■ PROBLEM DESCRIPTION ■
The output consists only of the lines from the one with "An elevated wooden" through the end of the records, each printed exactly, and contains no pictures.

■ MATERIAL FOR THIS TASK ■
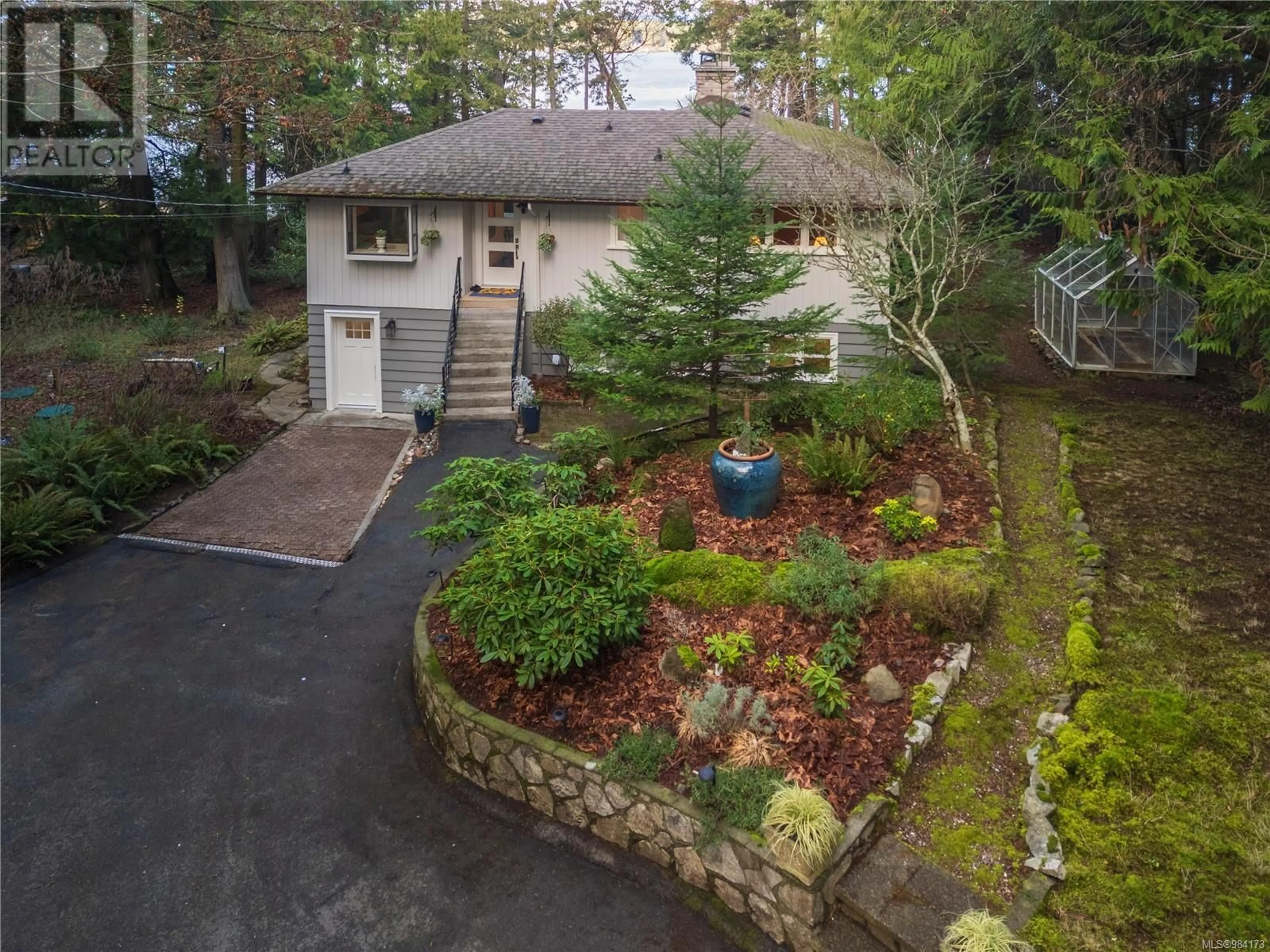 A pic from outside/outdoor area/front of a property/back of a property/a pic from drone, street for 2320 Dolphin Rd, North Saanich British Columbia V8L5V2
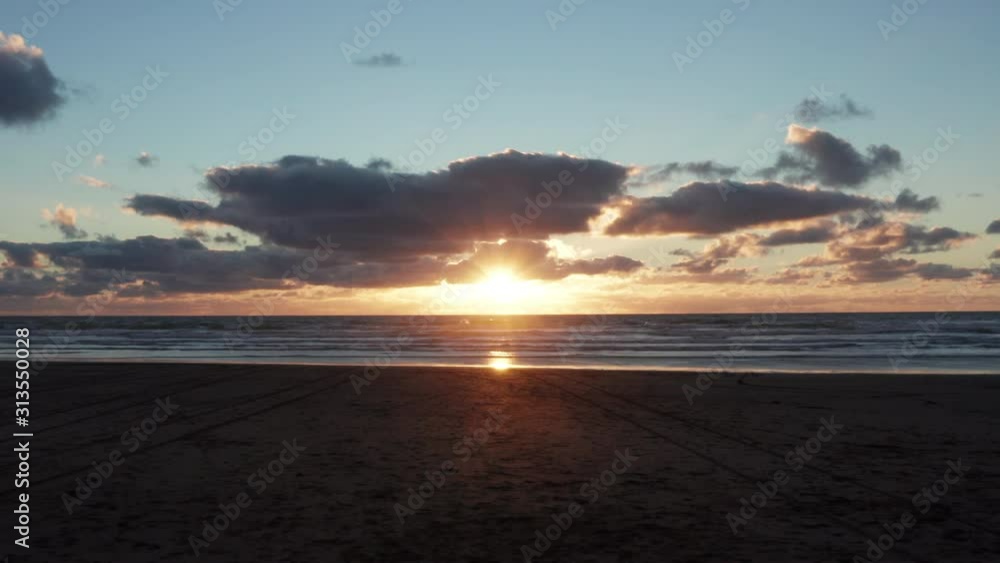 Scenic sunset landscape of Bethells Beach in Auckland region, NZ Scenic sunset landscape of Bethells Beach in Auckland region, NZ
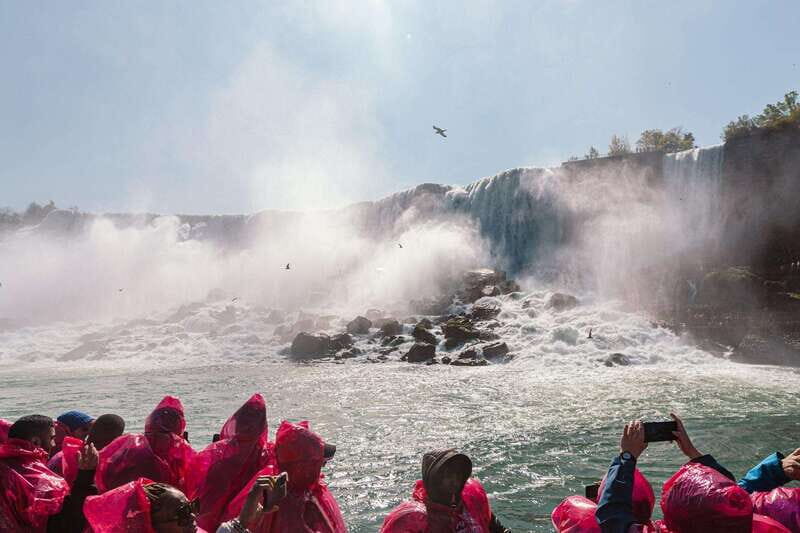 Niagara Falls, Canada: First Boat Cruise & Behind Falls Tour - Key Points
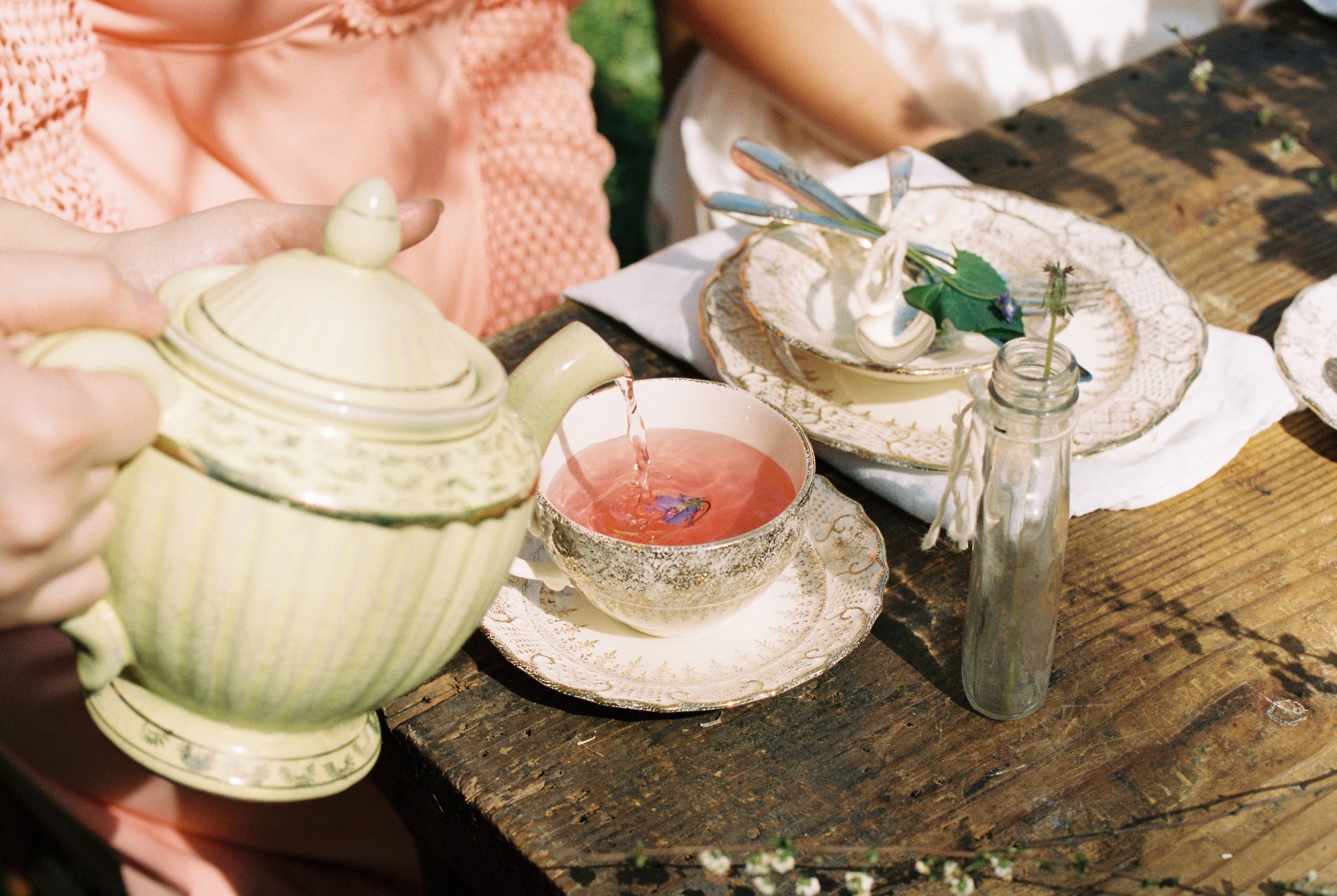 A person pours Afternoon Tea At Piper & Leaf from a green teapot into a floral teacup on a rustic wooden table set with plates, cutlery, and a small flower vase during an inviting afternoon tea.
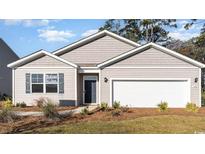 Charming single-story home with a well-manicured lawn and attached two-car garage at 327 Glade Ct., Loris, SC 29569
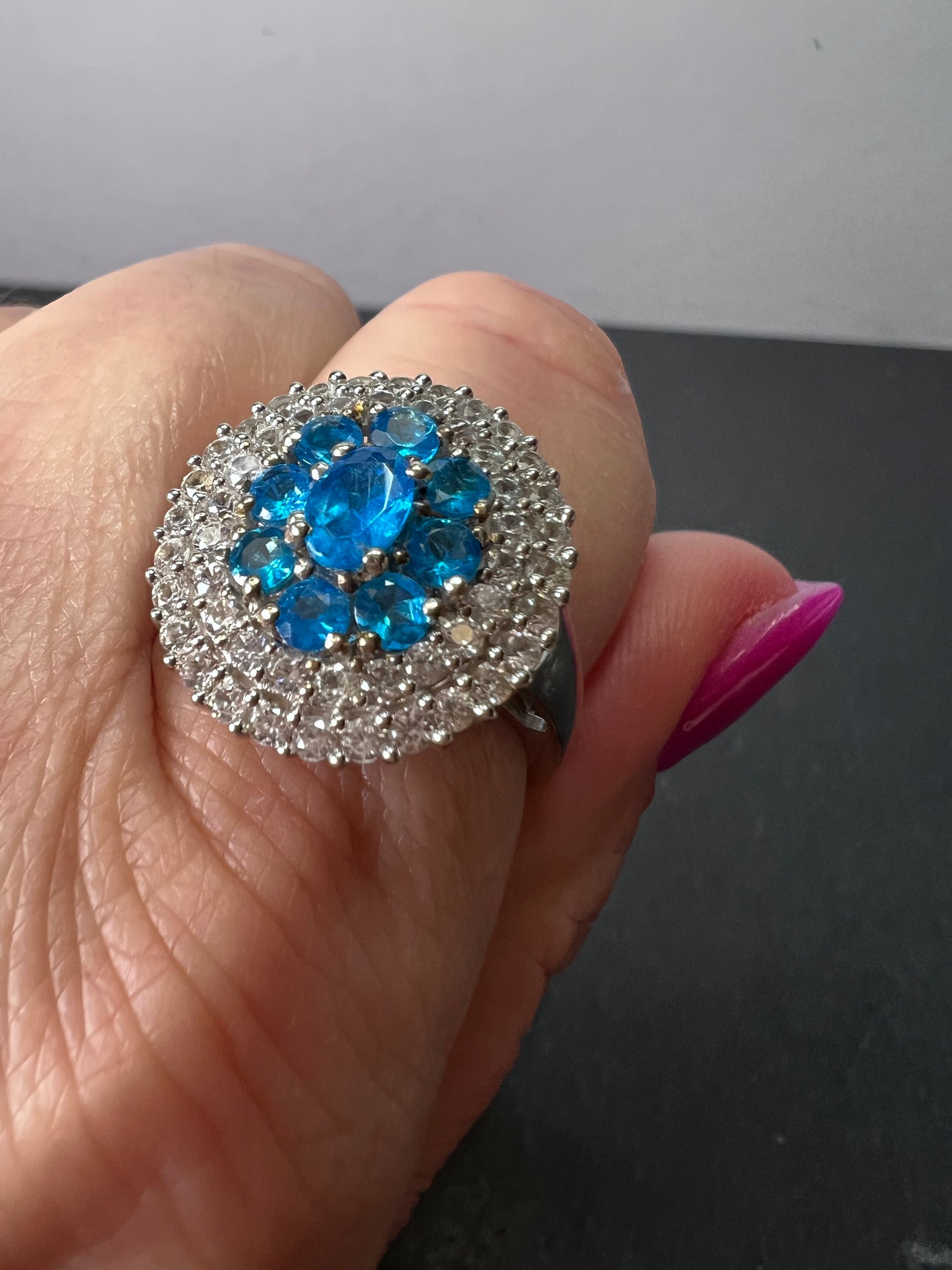 Neon blue apatite and white spinel halo cocktail ring in sterling silver size 9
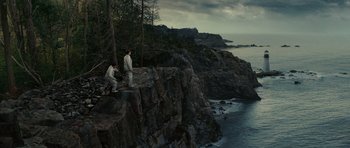 Movie still from “Shutter Island” (2010), directed by Martin Scorsese – Two men standing on a cliff overlooking the ocean; Extreme Wide shot, High angle
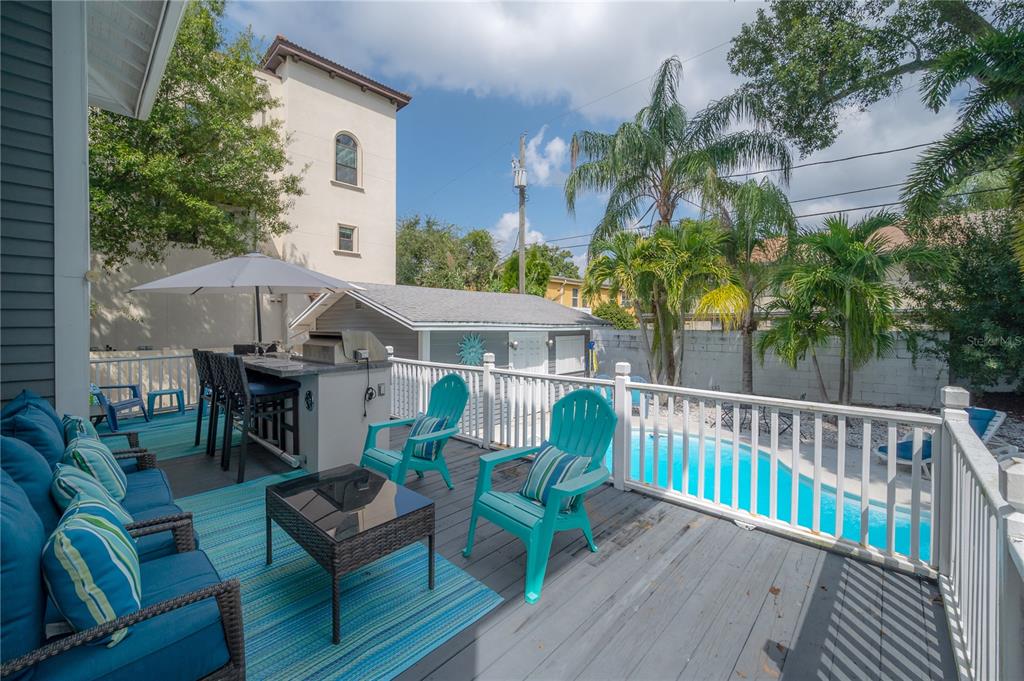 An elevated wooden deck features outdoor seating, a grill station, and a view of a pool — 2921 W EL PRADO BOULEVARD, TAMPA, FL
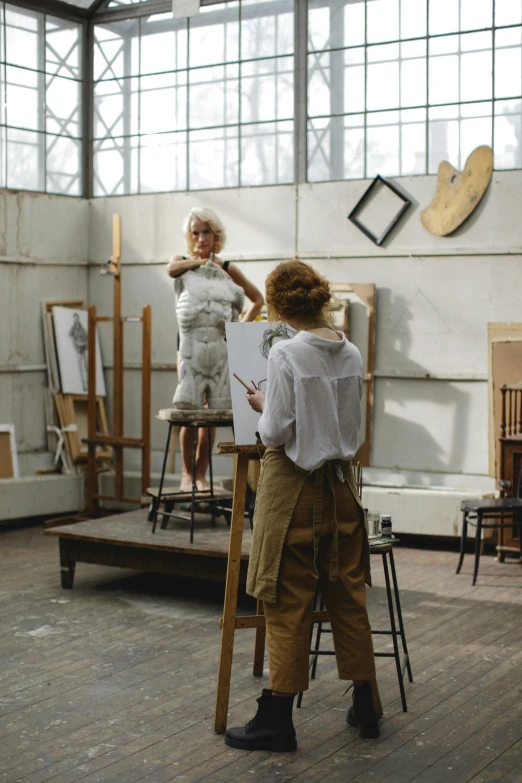 a couple of women standing next to each other in a room, inspired by Carel Willink, trending on pexels, academic art, stands at a his easel, 15081959 21121991 01012000 4k, atelier olschinsky, in a white boho style studio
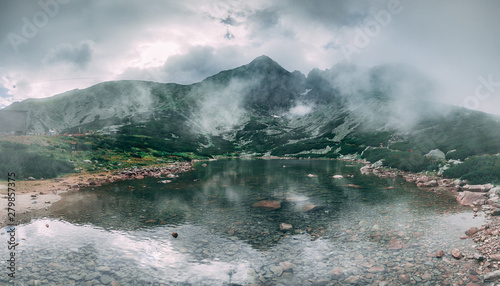 The fairy tale misty landscape the mountain Kalnate pleso lake surrounded by the mighty Tatras. Tatranska Lomnica, Slovakia. Ideal background in grey shades for the collages and illustrations.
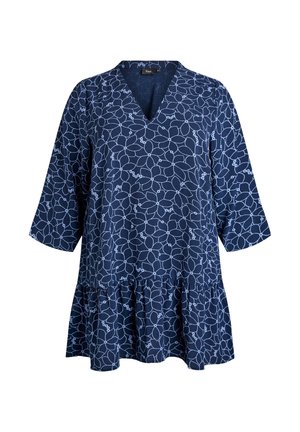 Granatowa tunika z dekoltem w kształcie litery V, rękawami 3/4 i falbaną u dołu. Posiada kwiatowy wzór w jasnoniebieskim kolorze na miękkim materiale.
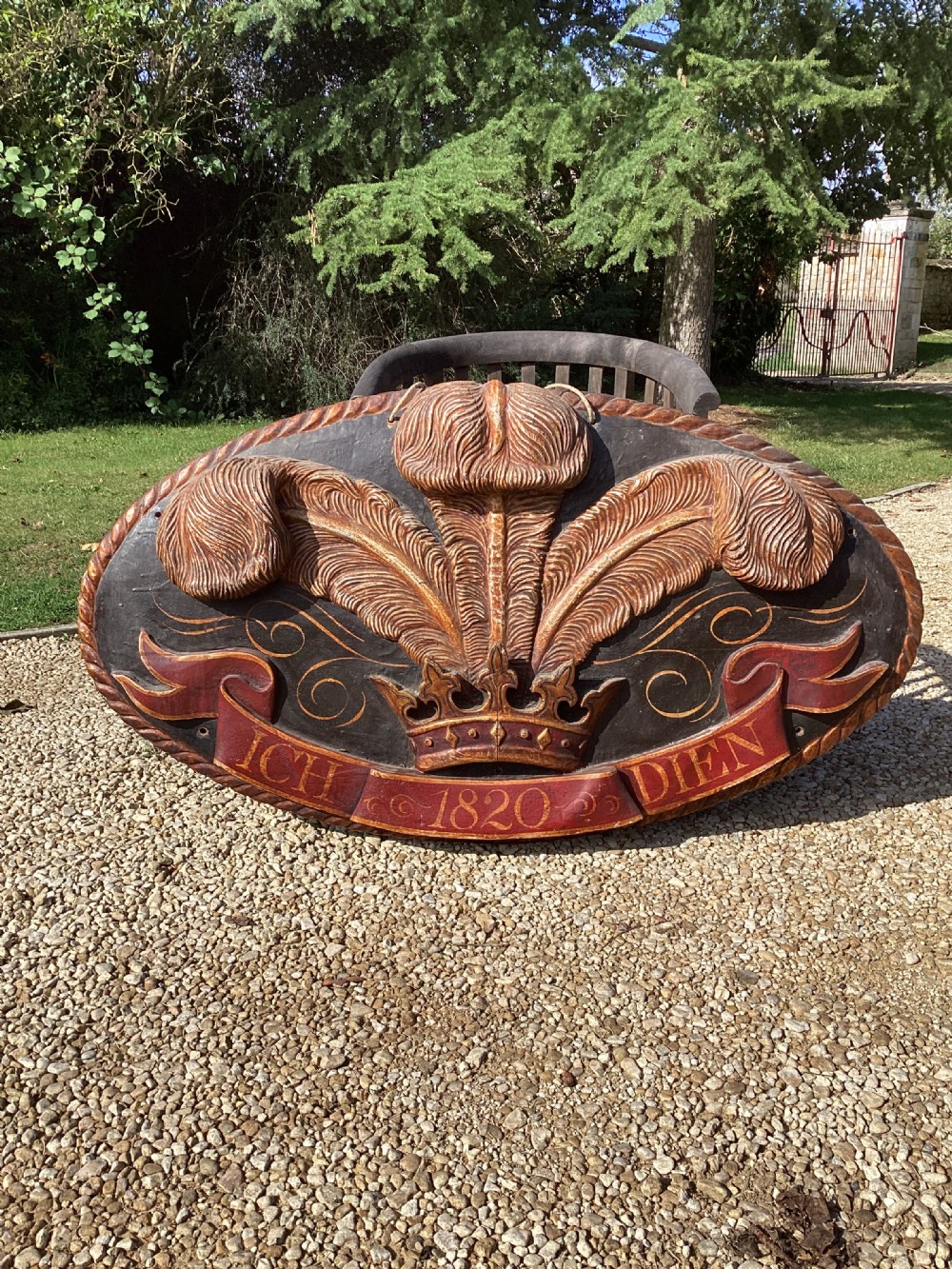 A large oval carved wooden heraldic panel featuring the Prince of Wales ostrich feathers, a crown, and a red banner inscribed with Ich Dien 1820. View III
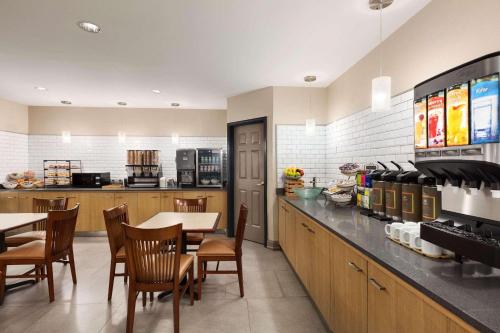 a restaurant with a table and chairs and a kitchen at Country Inn & Suites by Radisson, Dalton, GA in Dalton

■ RESULT OF THIS TASK ■
 An elevated wooden deck features outdoor seating, a grill station, and a view of a pool — 2921 W EL PRADO BOULEVARD, TAMPA, FL
 a couple of women standing next to each other in a room, inspired by Carel Willink, trending on pexels, academic art, stands at a his easel, 15081959 21121991 01012000 4k, atelier olschinsky, in a white boho style studio
 The fairy tale misty landscape the mountain Kalnate pleso lake surrounded by the mighty Tatras. Tatranska Lomnica, Slovakia. Ideal background in grey shades for the collages and illustrations.
 Granatowa tunika z dekoltem w kształcie litery V, rękawami 3/4 i falbaną u dołu. Posiada kwiatowy wzór w jasnoniebieskim kolorze na miękkim materiale.
 A large oval carved wooden heraldic panel featuring the Prince of Wales ostrich feathers, a crown, and a red banner inscribed with Ich Dien 1820. View III
 a restaurant with a table and chairs and a kitchen at Country Inn & Suites by Radisson, Dalton, GA in Dalton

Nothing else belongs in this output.